C is a fully operational high level programming language.

Yes.  Which makes it unsuitable for proving things in computation theory.

TM's are at such a low level that it could take hundreds
of instructions to just move a single value in memory.

That assertion is down to your general lack of understanding of abstract
things.  Although true, it is utterly irrelevant to the normal use of
turing machines.

[ .... ]

Any mindless idiot can disagree. Showing an error and proving
that it is an actual mistake requires much more than this.

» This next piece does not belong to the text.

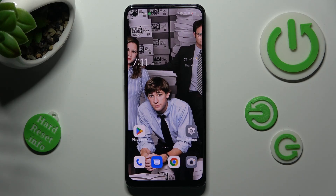Hi, in front of me is the Oppo Reno 8T and today I would like to show you how you can switch on or off adaptive brightness on this Oppo.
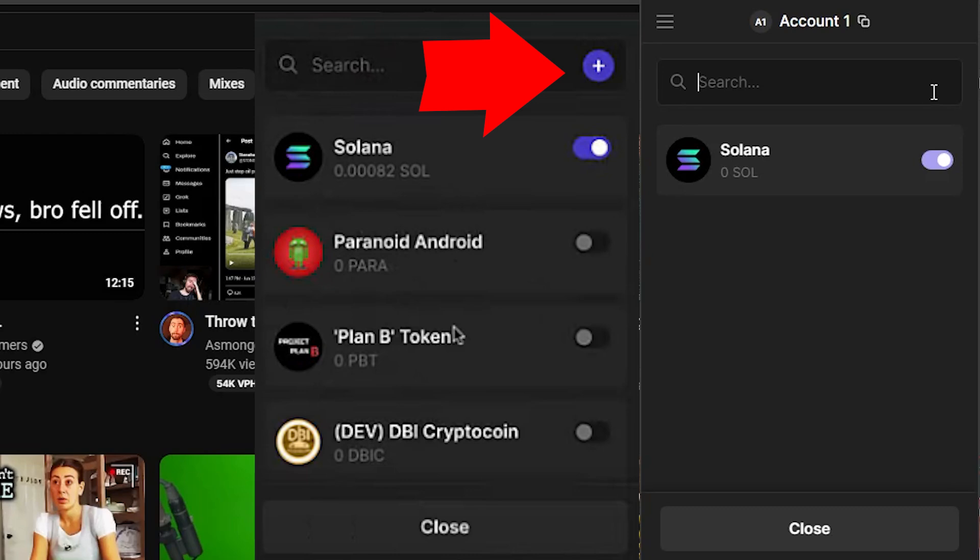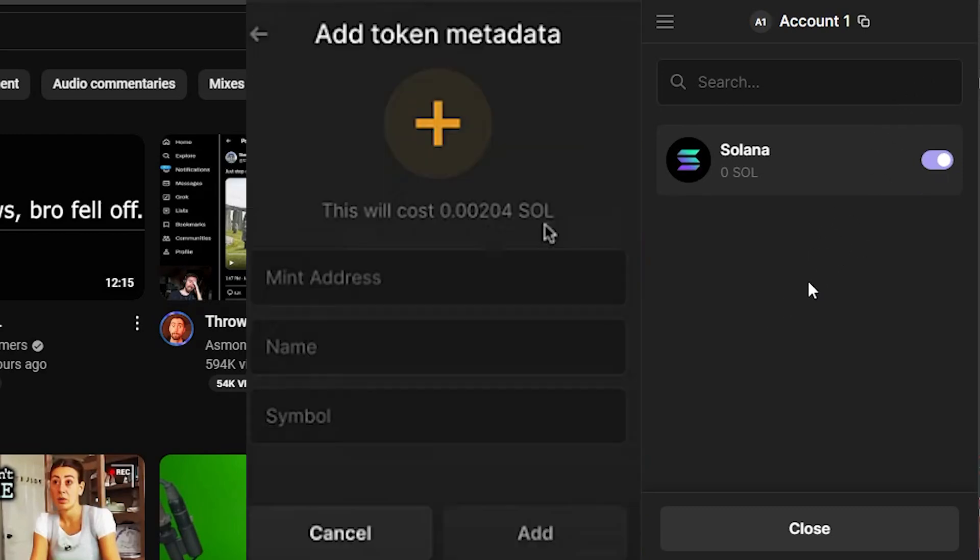And as you can see here, after you've created that profile you're going to see the information you need to set down here so that you can add that specific custom token that is not currently available on your Solana as an option. So yeah that's pretty much it, that's the video.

Indeed.  All you have done is disagree with one of the proofs of the
halting theorem.  You have yet to show an error in it.  That will be
difficult, because there aren't any.

There are two errors:
(1) The false assumption that TM's report on the behavior
    of the directly executed machine "if Ĥ applied to ⟨Ĥ⟩ halts"
    (see above).

That assumption does not appear in the pertinent proofs.  Indeed, those
proofs concern turing machines, which have no concept of "directly
executed", as explained above.

(2) That simulating partial halt decider Ĥ.embedded_H is
    incorrect to transition to Ĥ.qn on input ⟨Ĥ⟩ ⟨Ĥ⟩.

The proofs concern purported halt deciders, not partial halt deciders.

As I said, these proofs are correct.

--
Copyright 2025 Olcott "Talent hits a target no one else can hit; Genius
hits a target no one else can see." Arthur Schopenhauer

--
Alan Mackenzie (Nuremberg, Germany).